> Web page caption snippets
☆ ☆ ☆ ☆

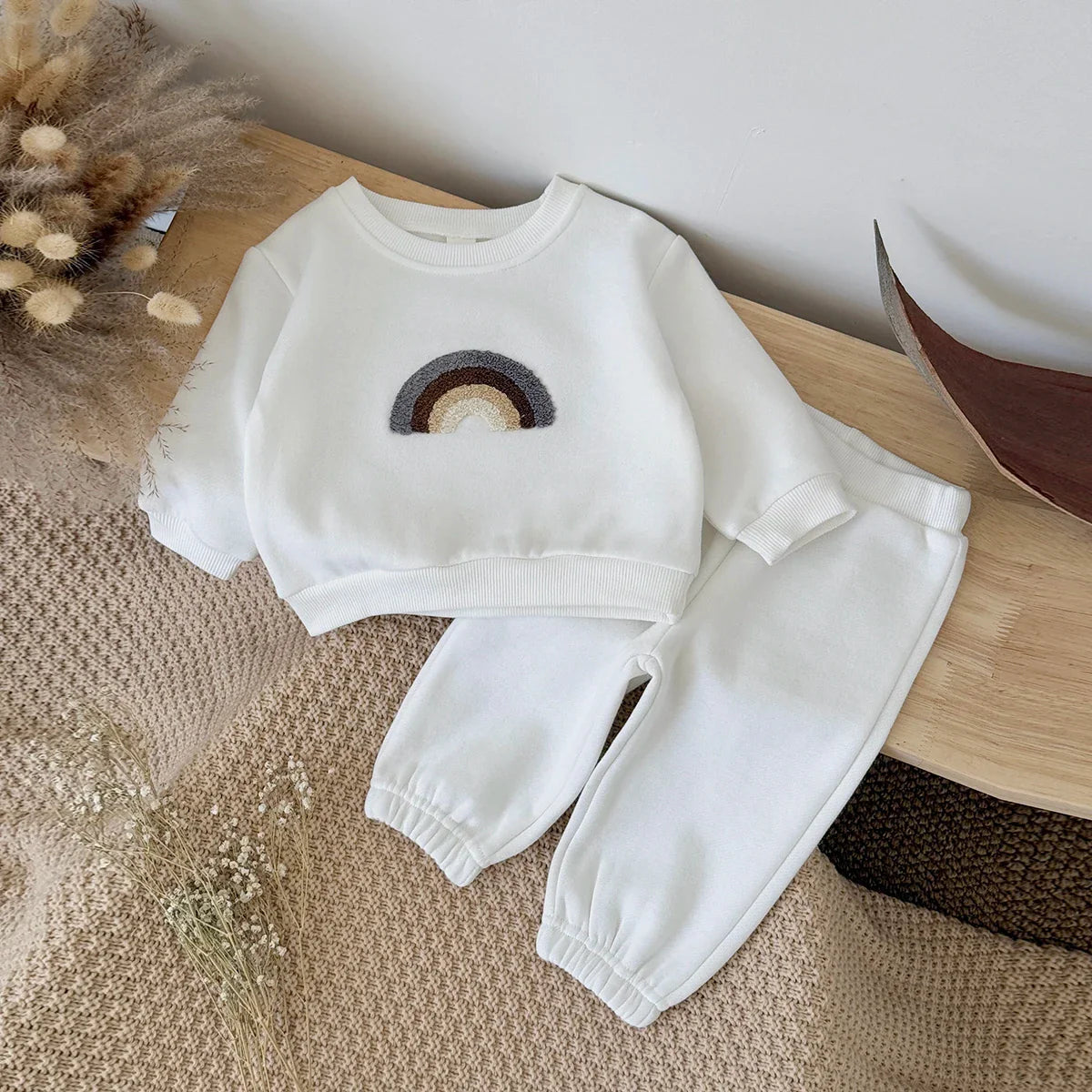 סט ארוך חגיגי- יובל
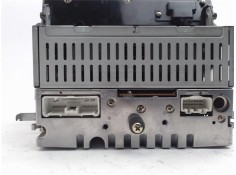 Recambio de radio / cd para mazda 3 berlina (bk) 1.6 cd active+ xcite referencia OEM IAM BP4M66AS0  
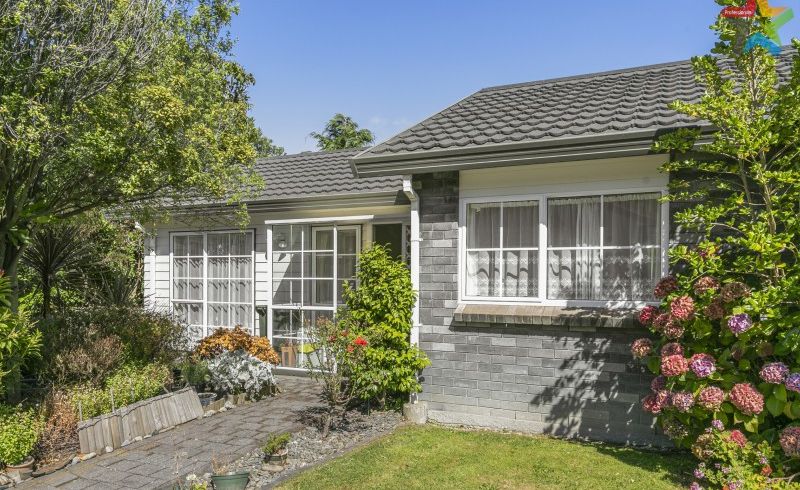  at 4/169 Whites Line East, Waiwhetū, Lower Hutt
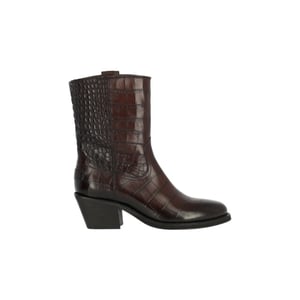 Fred de la Bretoniere Sh001701433w-2002 dames enkellaarzen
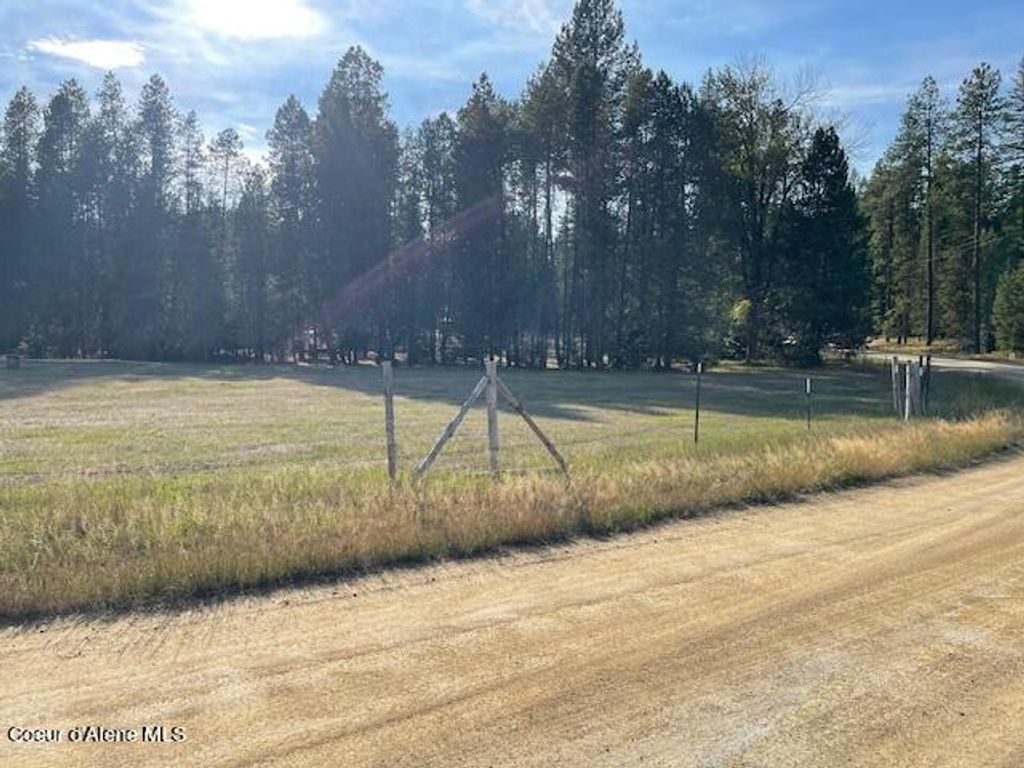 Photo of NKA Gleason McAbee Road Road, Priest River, ID 83856 (MLS # 26-4084)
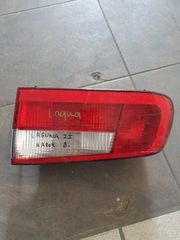 ΦΑΝΑΡΙ ΠΙΣΩ ΔΕΞΙΟ ΚΑΠΟΥ RENAULT LAGUNA II 01'-05'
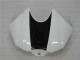 Branco Preto Chama Carenagem Yamaha R1 2004-2006 Branco Preto Chama Carenagem Yamaha R1 2004-2006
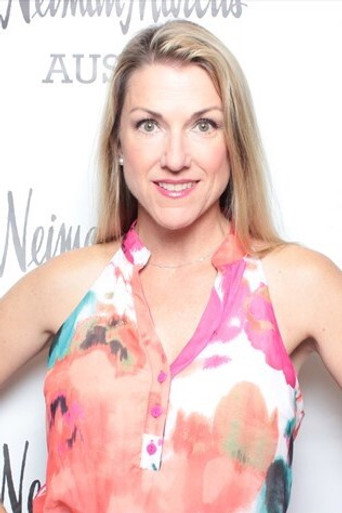 Lindsay Jones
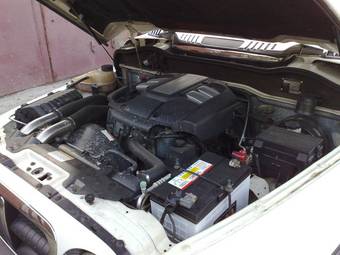 2002 SsangYong Korando For Sale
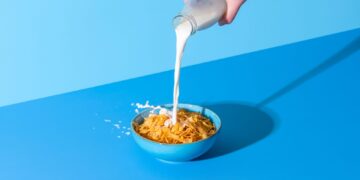 5 φαγητά που δημιουργήθηκαν τυχαία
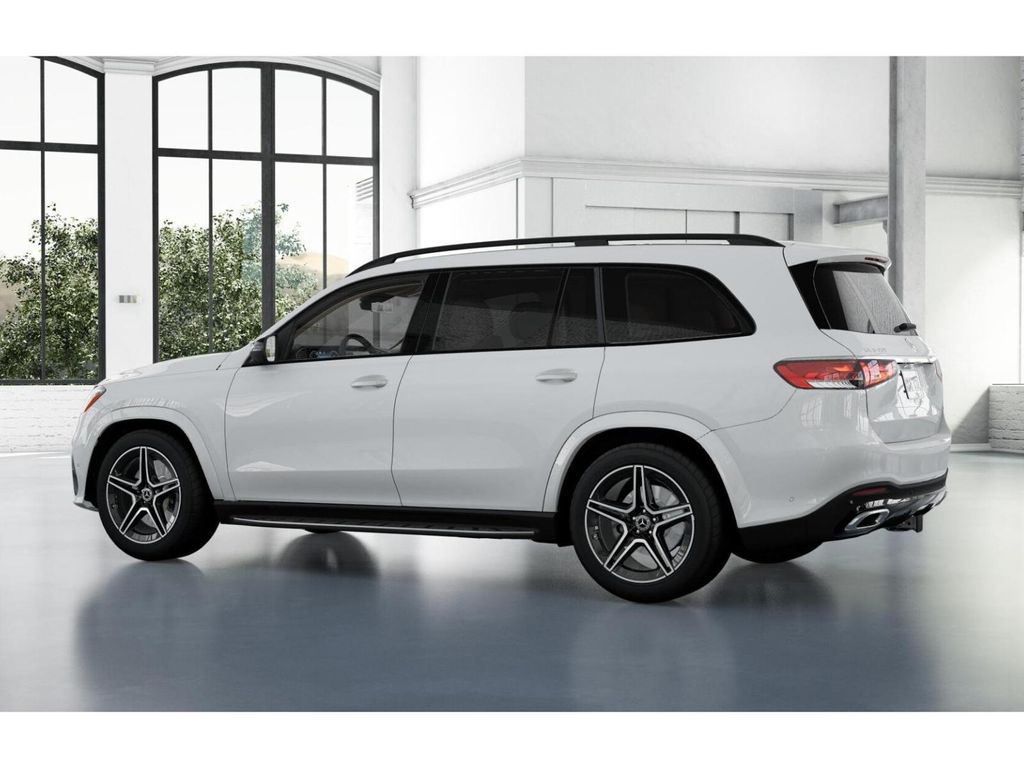 Thumbnail: 2026 Mercedes-Benz GLS - 31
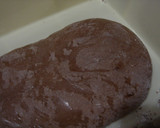 寒餅（のしもち）７種作り方8写真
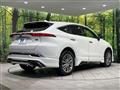 2020 Toyota Harrier Hybrid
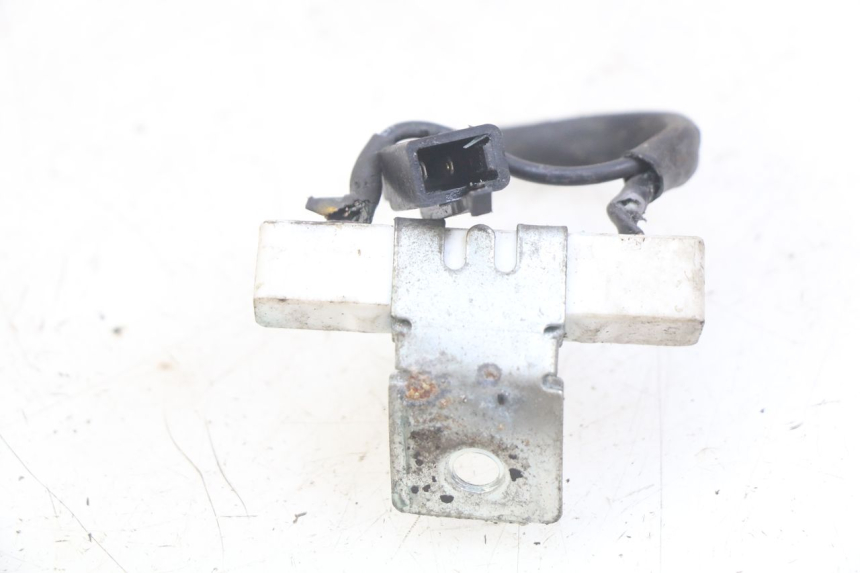 photo de RÉSISTANCE TGB CITY 2 50 (2009 - 2013) - Vue principale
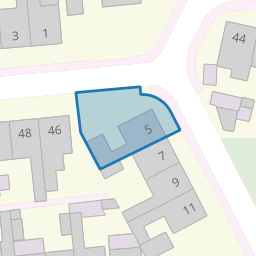 Perceel DZL01-B-3936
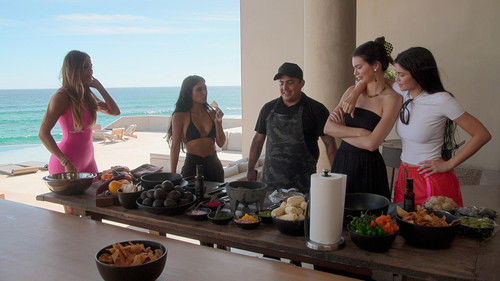 The Kardashians Season 4 Episode 1 - You're a Witch and I Hate You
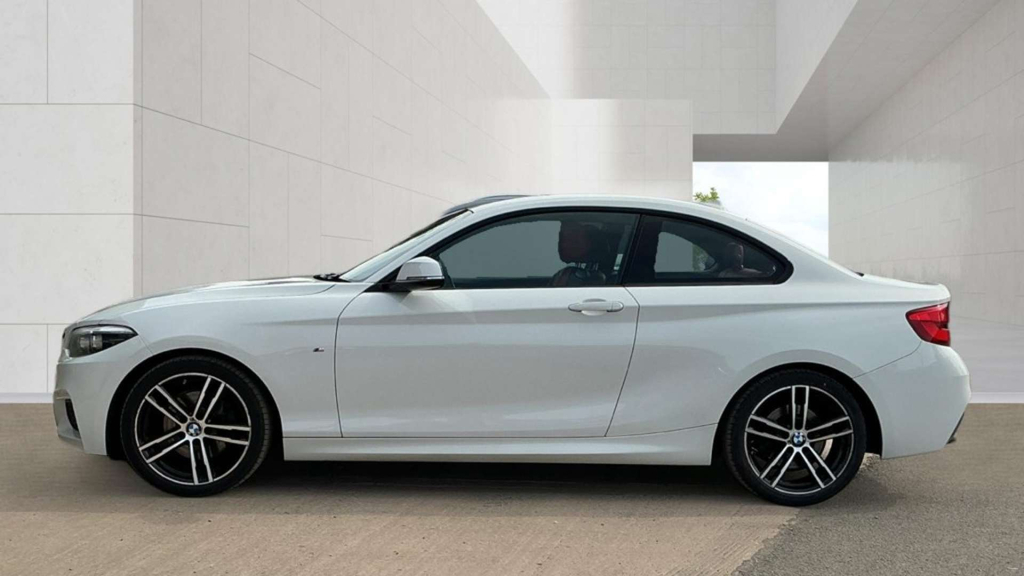 BMW 2 Series M Sport  #6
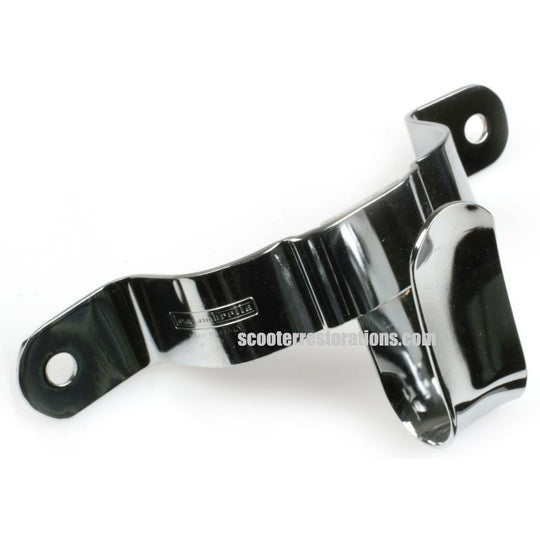 Series 1 & 2 Inside Legshield Luggage Hook (Chrome) Casa Lambretta A 108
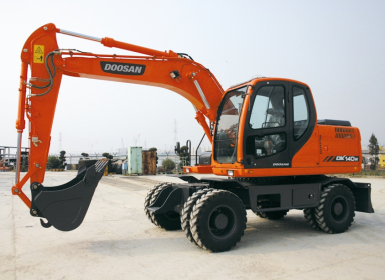 DỊCH VỤ CHO THUÊ XE XÚC TẠI QUẬN 9, TPHCM – GIẢI PHÁP NHANH CHO MỌI CÔNG TRÌNH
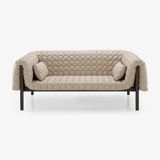 Ruché 2 Seter Sofa - Flere Varianter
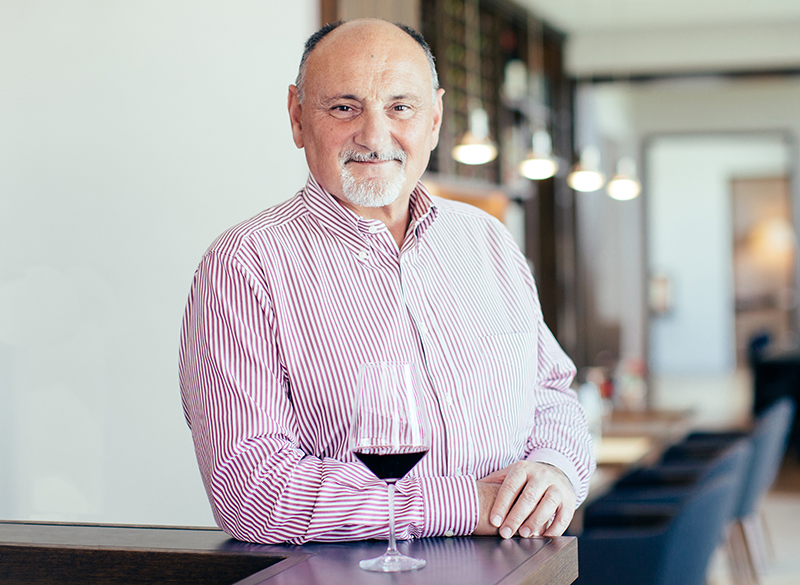Consorzio Vino Toscana. Il futuro dell’Igt secondo la sua nuova voce istituzionale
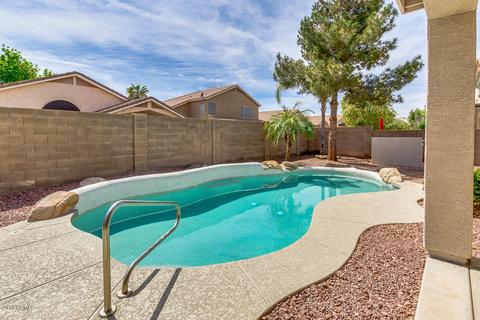 1041 E Sherri Dr, Gilbert, AZ 85296 photo 35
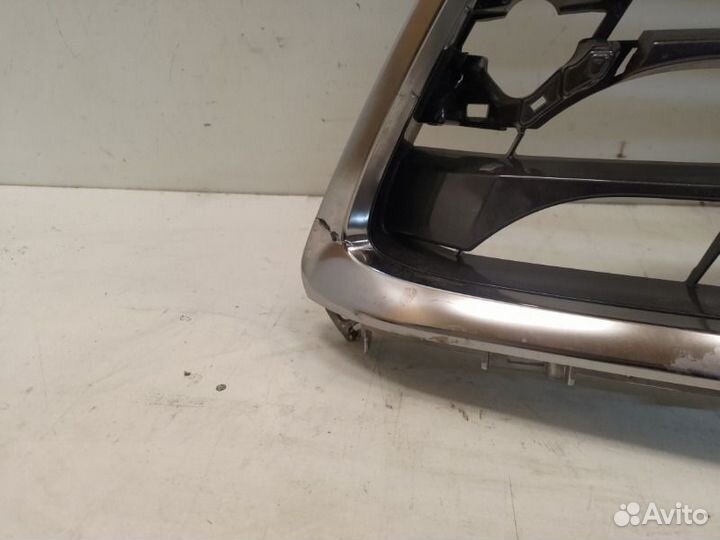 Решетка радиатора Lexus Nx 1 2018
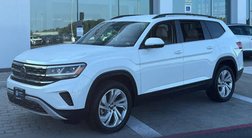 2023 Volkswagen Atlas V6 SE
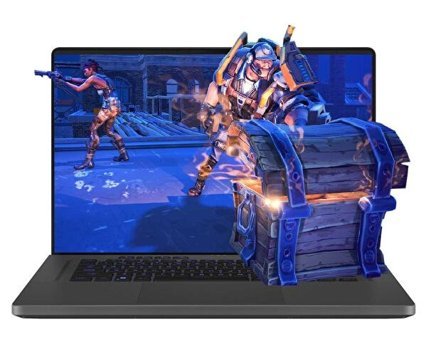 Asus ROG ZEPHYRUS G16 GU603ZU-N3020 Harici GeForce RTX 4050 Intel Core i7 12700H 16 GB DDR5 1 TB - 256 GB SSD 16 inç FHD Freedos Gaming Laptop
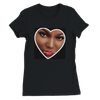 Euphorically - Women’s Cut T-Shirt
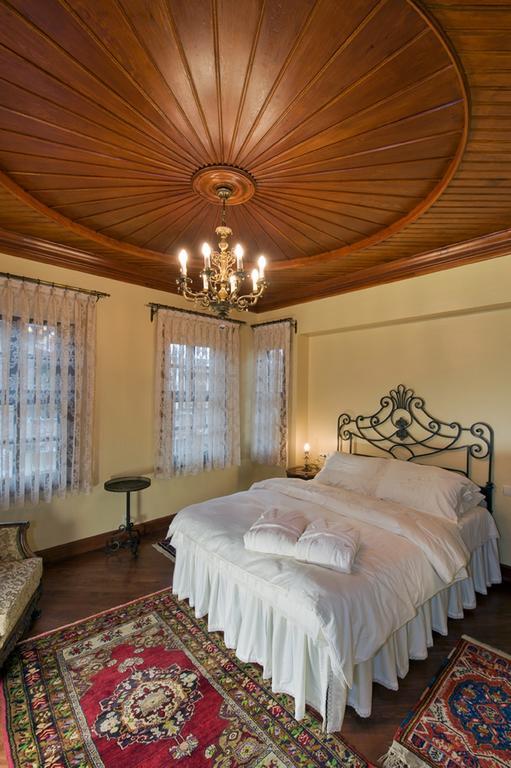 Delight Deluxe Kaucuk Hotel (Adults Only) Antalya Luaran gambar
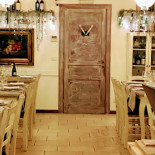 A'cr'janz À l'intérieur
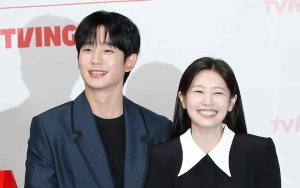 Jung Hae In Tanggapi Rumor Pacari Jung So Min Imbas Cinlok di 'Love Next Door'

☆ ☆ ☆ ☆

From the records above, transcribe exactly the lines starting at the one containing "2002 SsangYong Korando For Sale" and ending at the one containing "BMW 2 Series". Skip the pictures.

 2002 SsangYong Korando For Sale
 5 φαγητά που δημιουργήθηκαν τυχαία
 Thumbnail: 2026 Mercedes-Benz GLS - 31
 寒餅（のしもち）７種作り方8写真
 2020 Toyota Harrier Hybrid
 photo de RÉSISTANCE TGB CITY 2 50 (2009 - 2013) - Vue principale
 Perceel DZL01-B-3936
 The Kardashians Season 4 Episode 1 - You're a Witch and I Hate You
 BMW 2 Series M Sport  #6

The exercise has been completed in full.